(Beginning of Given information)

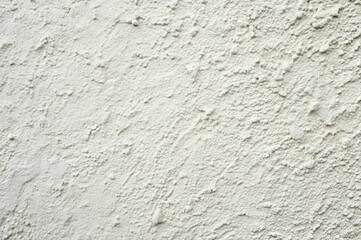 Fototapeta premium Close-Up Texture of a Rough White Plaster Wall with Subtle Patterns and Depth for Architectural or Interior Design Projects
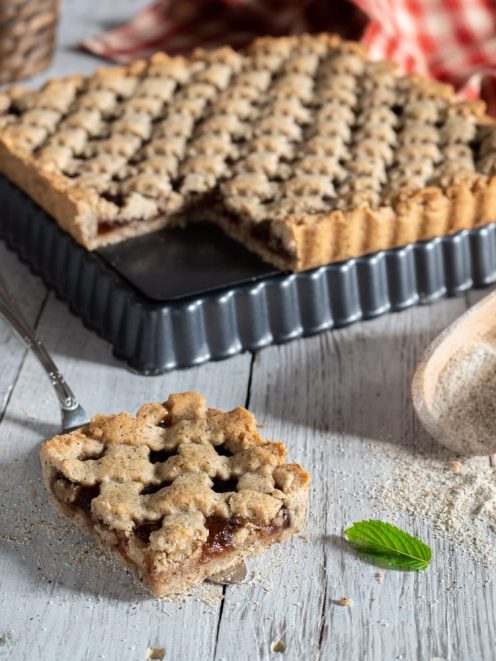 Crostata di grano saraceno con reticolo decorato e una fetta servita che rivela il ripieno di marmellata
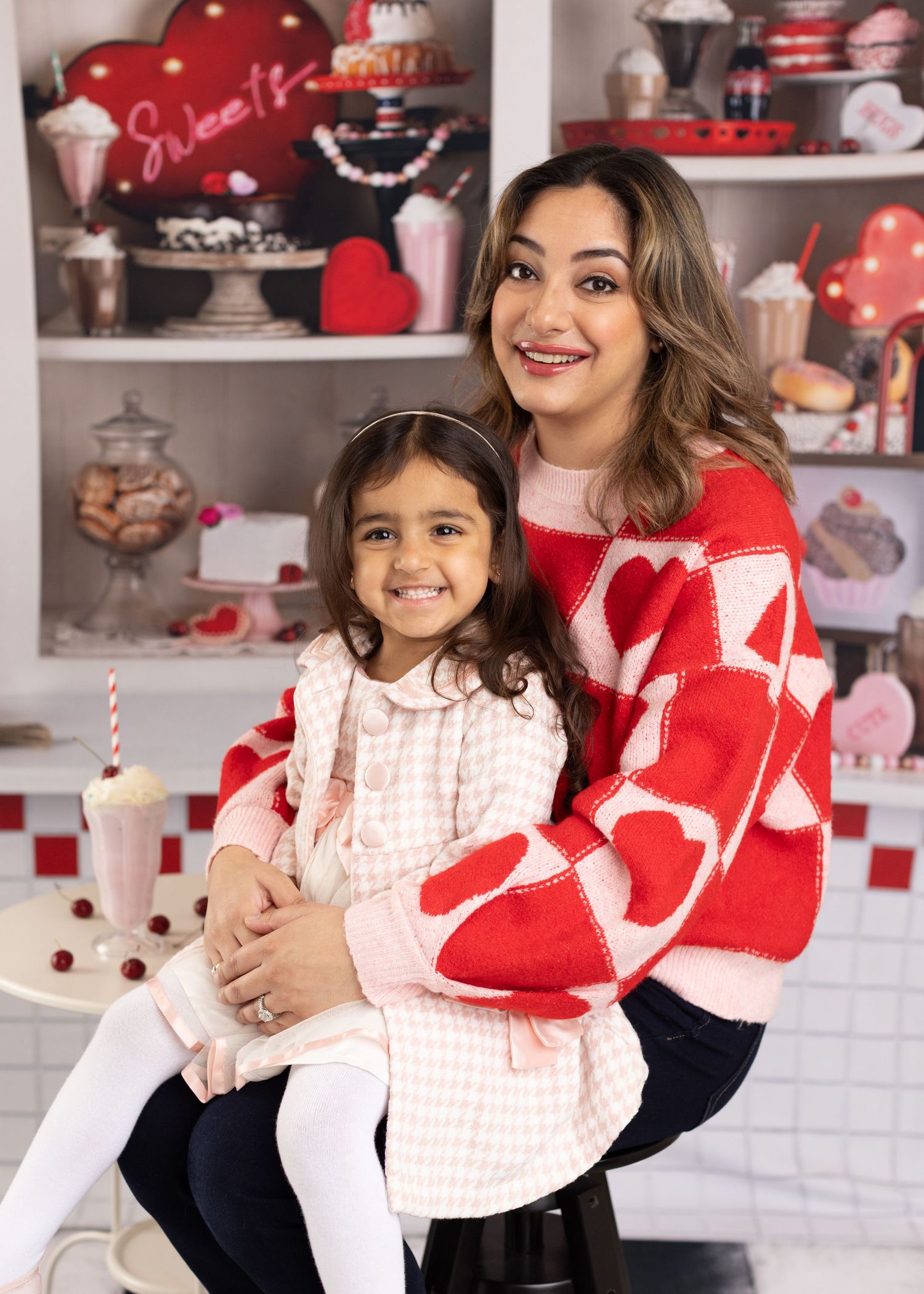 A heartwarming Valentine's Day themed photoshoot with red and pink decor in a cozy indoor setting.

(End of Given information)

Work to complete: I need the lines from the line containing "Crostata di grano" through the final line of the listing duplicated exactly, both ends included, with no pictures and nothing else.

Result of this exercise:
 Crostata di grano saraceno con reticolo decorato e una fetta servita che rivela il ripieno di marmellata
 A heartwarming Valentine's Day themed photoshoot with red and pink decor in a cozy indoor setting.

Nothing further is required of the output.